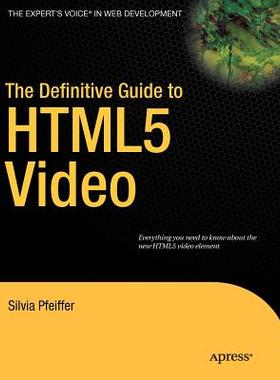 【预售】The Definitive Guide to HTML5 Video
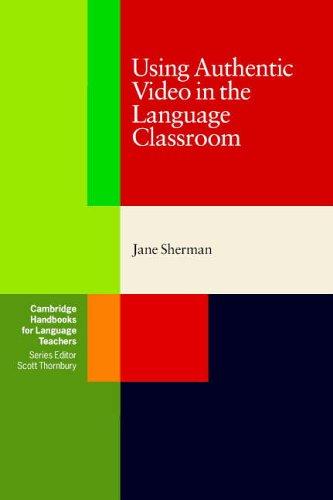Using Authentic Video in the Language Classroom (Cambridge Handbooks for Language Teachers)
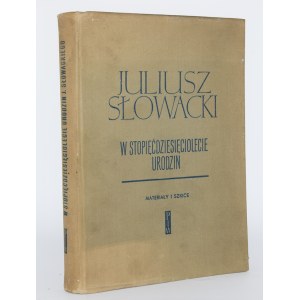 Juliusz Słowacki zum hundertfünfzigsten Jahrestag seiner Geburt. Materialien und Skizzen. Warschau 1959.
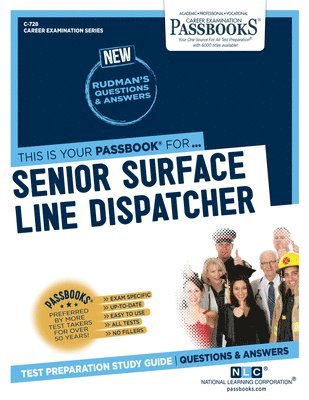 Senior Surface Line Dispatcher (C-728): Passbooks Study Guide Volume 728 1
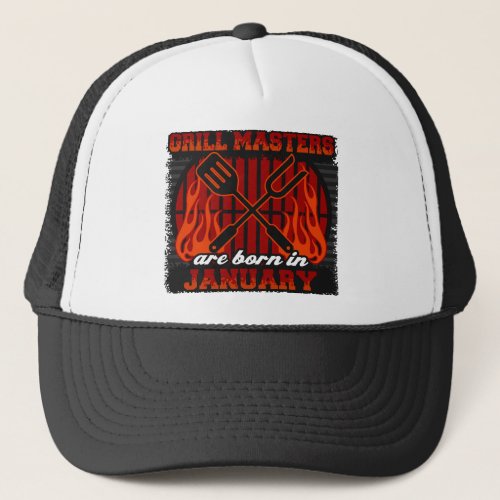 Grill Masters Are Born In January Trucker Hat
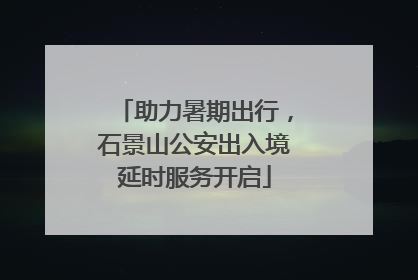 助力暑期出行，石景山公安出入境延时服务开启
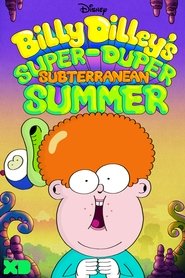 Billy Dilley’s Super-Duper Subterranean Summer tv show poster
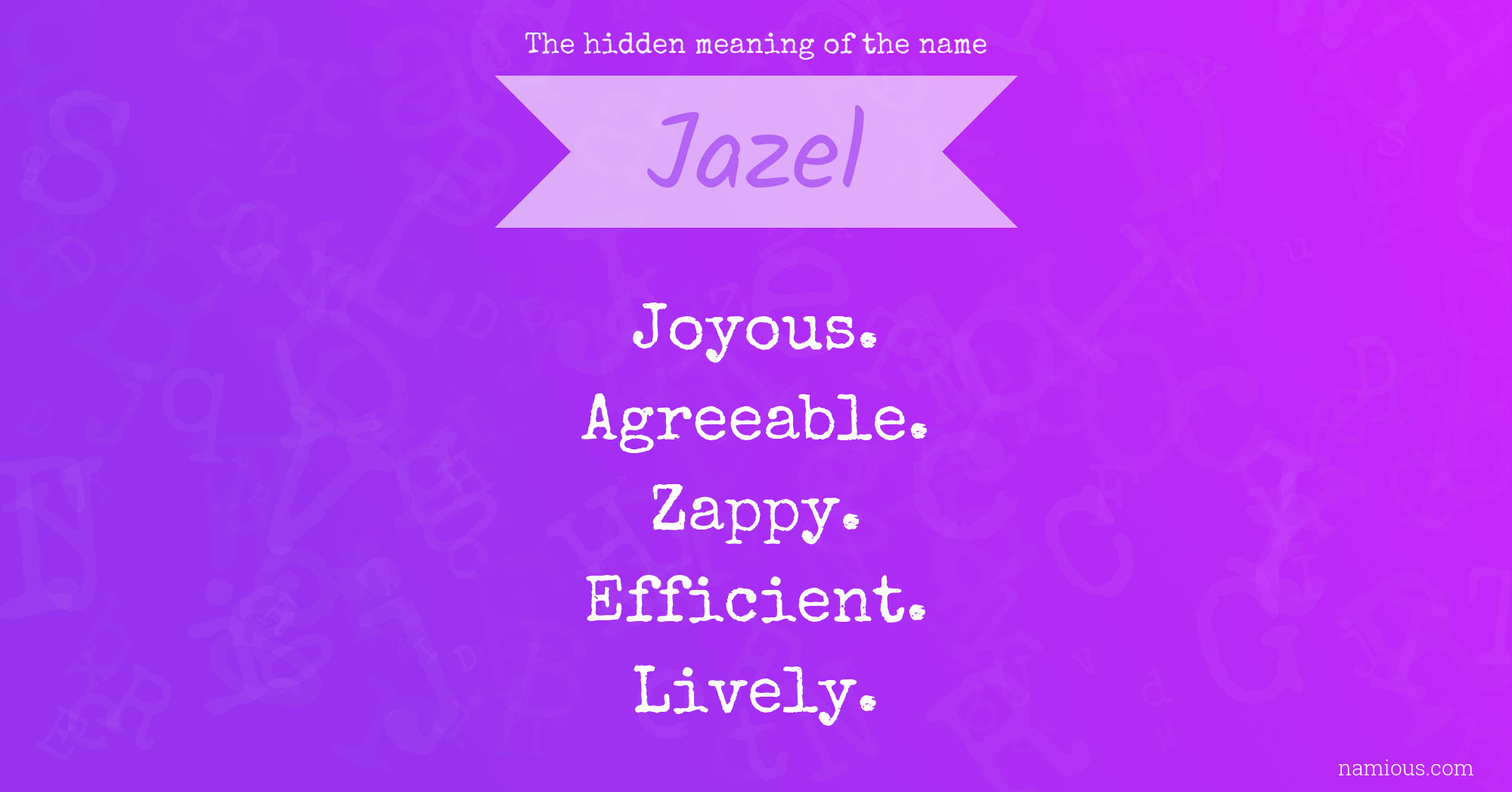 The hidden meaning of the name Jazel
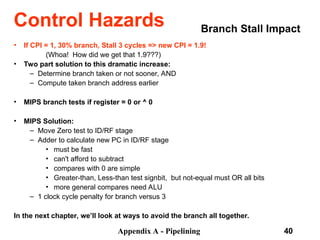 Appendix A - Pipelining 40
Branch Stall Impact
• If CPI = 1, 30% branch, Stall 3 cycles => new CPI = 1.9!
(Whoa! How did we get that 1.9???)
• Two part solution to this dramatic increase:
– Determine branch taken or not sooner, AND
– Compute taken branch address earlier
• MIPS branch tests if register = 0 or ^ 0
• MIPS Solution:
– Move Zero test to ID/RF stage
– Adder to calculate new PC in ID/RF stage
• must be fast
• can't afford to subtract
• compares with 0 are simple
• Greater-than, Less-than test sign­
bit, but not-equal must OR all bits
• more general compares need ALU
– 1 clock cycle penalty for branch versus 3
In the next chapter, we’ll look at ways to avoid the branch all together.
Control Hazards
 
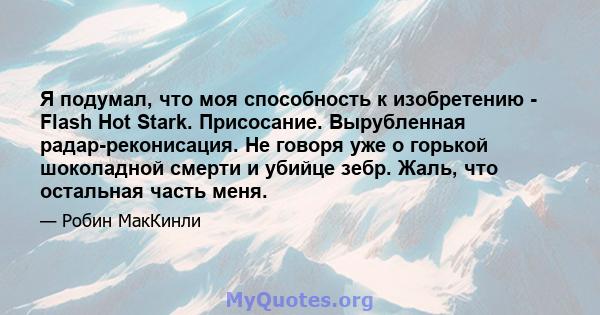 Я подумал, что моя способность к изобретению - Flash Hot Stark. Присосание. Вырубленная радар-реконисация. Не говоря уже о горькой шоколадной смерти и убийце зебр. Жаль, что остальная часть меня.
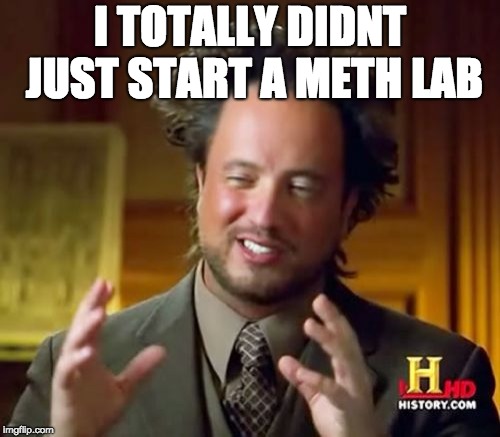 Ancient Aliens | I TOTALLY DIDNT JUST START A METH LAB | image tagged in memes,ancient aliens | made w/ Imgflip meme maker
______________________________
- **Assigned task**
Tally the lines above containing "stage"; give only the number.

- **Task result**
2